Exercise materials
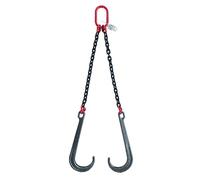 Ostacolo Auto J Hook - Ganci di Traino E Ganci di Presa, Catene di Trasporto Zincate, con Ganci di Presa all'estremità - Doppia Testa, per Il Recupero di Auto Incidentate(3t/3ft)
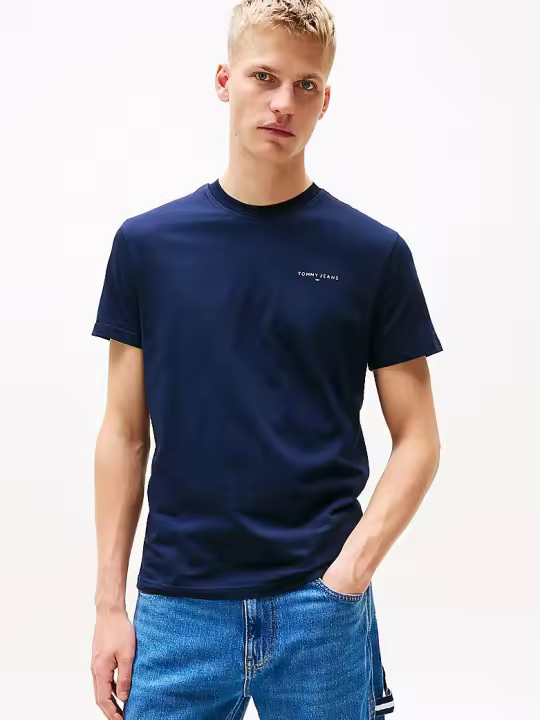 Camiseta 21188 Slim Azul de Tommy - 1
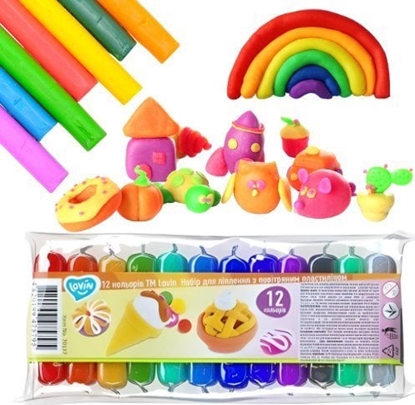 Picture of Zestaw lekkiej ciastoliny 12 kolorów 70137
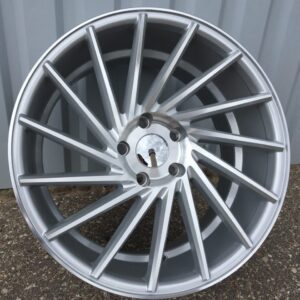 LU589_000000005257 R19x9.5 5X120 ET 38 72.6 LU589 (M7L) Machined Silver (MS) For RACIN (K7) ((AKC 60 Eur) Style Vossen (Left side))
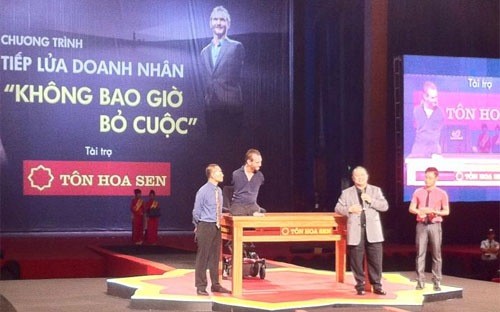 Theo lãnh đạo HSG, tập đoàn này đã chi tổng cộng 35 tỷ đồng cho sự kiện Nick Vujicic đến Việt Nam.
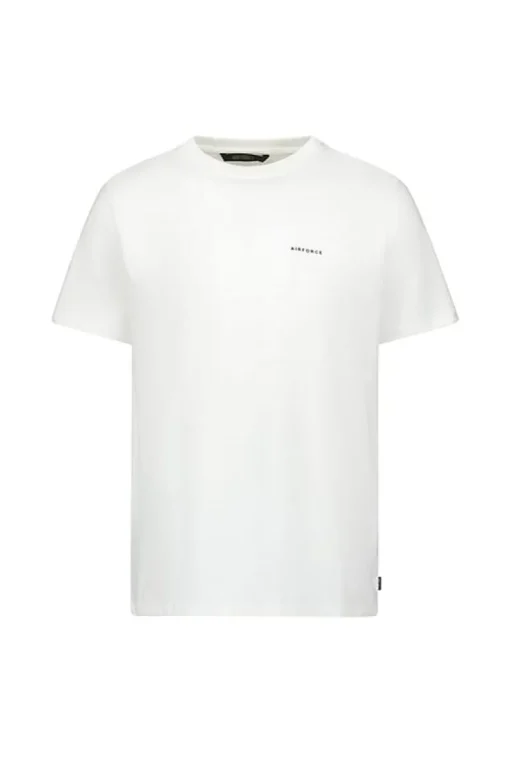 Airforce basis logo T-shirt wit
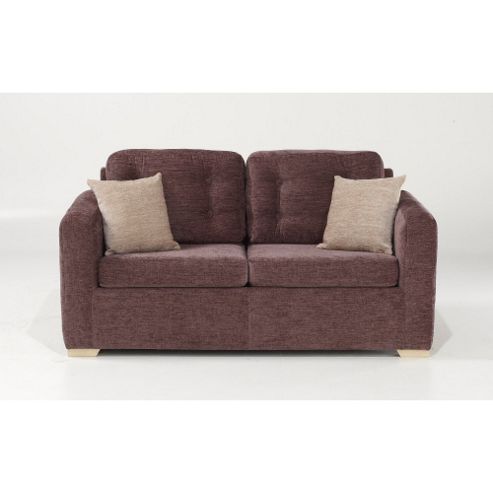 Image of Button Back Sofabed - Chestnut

What needs to be done
Output the listing above in full, exactly. No images.

Exercise output
 Ostacolo Auto J Hook - Ganci di Traino E Ganci di Presa, Catene di Trasporto Zincate, con Ganci di Presa all'estremità - Doppia Testa, per Il Recupero di Auto Incidentate(3t/3ft)
 Camiseta 21188 Slim Azul de Tommy - 1
 Picture of Zestaw lekkiej ciastoliny 12 kolorów 70137
 LU589_000000005257 R19x9.5 5X120 ET 38 72.6 LU589 (M7L) Machined Silver (MS) For RACIN (K7) ((AKC 60 Eur) Style Vossen (Left side))
 Theo lãnh đạo HSG, tập đoàn này đã chi tổng cộng 35 tỷ đồng cho sự kiện Nick Vujicic đến Việt Nam.
 Airforce basis logo T-shirt wit
 Image of Button Back Sofabed - Chestnut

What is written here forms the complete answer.